**Assignment**
Repeat exactly, and only, the lines of the entries below from the one with "Tefal Pro Style" through the one with "Amd Epyc 7543", both ends included.

┄┄┄┄┄┄┄┄┄┄┄┄┄┄┄┄┄┄┄┄

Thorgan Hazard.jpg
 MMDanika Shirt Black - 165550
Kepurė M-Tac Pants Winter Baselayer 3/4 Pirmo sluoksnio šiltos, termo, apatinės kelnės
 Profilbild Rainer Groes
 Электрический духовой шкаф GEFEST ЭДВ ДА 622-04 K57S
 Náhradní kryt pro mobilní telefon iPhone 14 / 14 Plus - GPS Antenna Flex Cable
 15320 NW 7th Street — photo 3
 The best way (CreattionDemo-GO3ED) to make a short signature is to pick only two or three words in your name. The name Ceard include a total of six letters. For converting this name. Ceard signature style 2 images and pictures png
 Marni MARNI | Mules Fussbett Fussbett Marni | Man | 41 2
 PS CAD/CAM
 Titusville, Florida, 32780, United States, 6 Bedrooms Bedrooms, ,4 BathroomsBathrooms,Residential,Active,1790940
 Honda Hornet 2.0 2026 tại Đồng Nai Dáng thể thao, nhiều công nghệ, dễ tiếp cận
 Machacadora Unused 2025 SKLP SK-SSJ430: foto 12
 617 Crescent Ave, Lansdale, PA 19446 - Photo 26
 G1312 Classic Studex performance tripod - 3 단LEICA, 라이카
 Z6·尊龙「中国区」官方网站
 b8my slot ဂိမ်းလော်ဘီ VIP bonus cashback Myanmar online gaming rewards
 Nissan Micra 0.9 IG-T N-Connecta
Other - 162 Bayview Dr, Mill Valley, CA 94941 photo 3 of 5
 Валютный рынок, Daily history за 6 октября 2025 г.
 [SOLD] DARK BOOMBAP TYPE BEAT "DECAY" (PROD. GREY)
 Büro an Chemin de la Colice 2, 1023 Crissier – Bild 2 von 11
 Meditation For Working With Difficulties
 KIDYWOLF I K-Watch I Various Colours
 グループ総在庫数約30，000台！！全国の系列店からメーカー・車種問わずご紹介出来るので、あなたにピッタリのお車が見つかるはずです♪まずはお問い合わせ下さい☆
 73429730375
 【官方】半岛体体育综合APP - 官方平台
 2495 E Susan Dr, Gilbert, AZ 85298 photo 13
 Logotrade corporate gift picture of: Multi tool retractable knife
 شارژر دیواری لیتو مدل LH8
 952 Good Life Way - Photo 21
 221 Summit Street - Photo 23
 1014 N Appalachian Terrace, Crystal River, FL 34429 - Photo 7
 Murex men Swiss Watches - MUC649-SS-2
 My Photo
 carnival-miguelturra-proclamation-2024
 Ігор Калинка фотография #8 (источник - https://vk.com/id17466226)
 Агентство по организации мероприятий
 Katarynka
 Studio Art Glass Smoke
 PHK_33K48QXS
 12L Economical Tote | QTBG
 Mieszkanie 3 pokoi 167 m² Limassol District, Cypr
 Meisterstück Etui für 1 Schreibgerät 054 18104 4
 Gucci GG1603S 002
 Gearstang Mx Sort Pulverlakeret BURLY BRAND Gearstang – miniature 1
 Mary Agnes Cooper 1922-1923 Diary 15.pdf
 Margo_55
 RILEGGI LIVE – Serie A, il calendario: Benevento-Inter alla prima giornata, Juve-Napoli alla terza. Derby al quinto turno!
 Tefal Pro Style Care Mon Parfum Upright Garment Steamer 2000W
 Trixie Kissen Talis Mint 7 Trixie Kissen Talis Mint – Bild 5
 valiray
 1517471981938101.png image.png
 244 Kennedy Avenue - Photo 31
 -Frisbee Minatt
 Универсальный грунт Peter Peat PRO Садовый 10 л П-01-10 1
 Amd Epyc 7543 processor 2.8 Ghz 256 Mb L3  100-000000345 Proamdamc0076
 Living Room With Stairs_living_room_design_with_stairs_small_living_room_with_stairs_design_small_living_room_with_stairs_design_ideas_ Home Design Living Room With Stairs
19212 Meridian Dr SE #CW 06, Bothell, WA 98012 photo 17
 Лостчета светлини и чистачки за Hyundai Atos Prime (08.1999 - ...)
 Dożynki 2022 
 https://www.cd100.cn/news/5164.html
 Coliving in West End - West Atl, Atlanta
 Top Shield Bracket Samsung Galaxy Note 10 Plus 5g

┄┄┄┄┄┄┄┄┄┄┄┄┄┄┄┄┄┄┄┄

**Written answer**
 Tefal Pro Style Care Mon Parfum Upright Garment Steamer 2000W
 Trixie Kissen Talis Mint 7 Trixie Kissen Talis Mint – Bild 5
 valiray
 1517471981938101.png image.png
 244 Kennedy Avenue - Photo 31
 -Frisbee Minatt
 Универсальный грунт Peter Peat PRO Садовый 10 л П-01-10 1
 Amd Epyc 7543 processor 2.8 Ghz 256 Mb L3  100-000000345 Proamdamc0076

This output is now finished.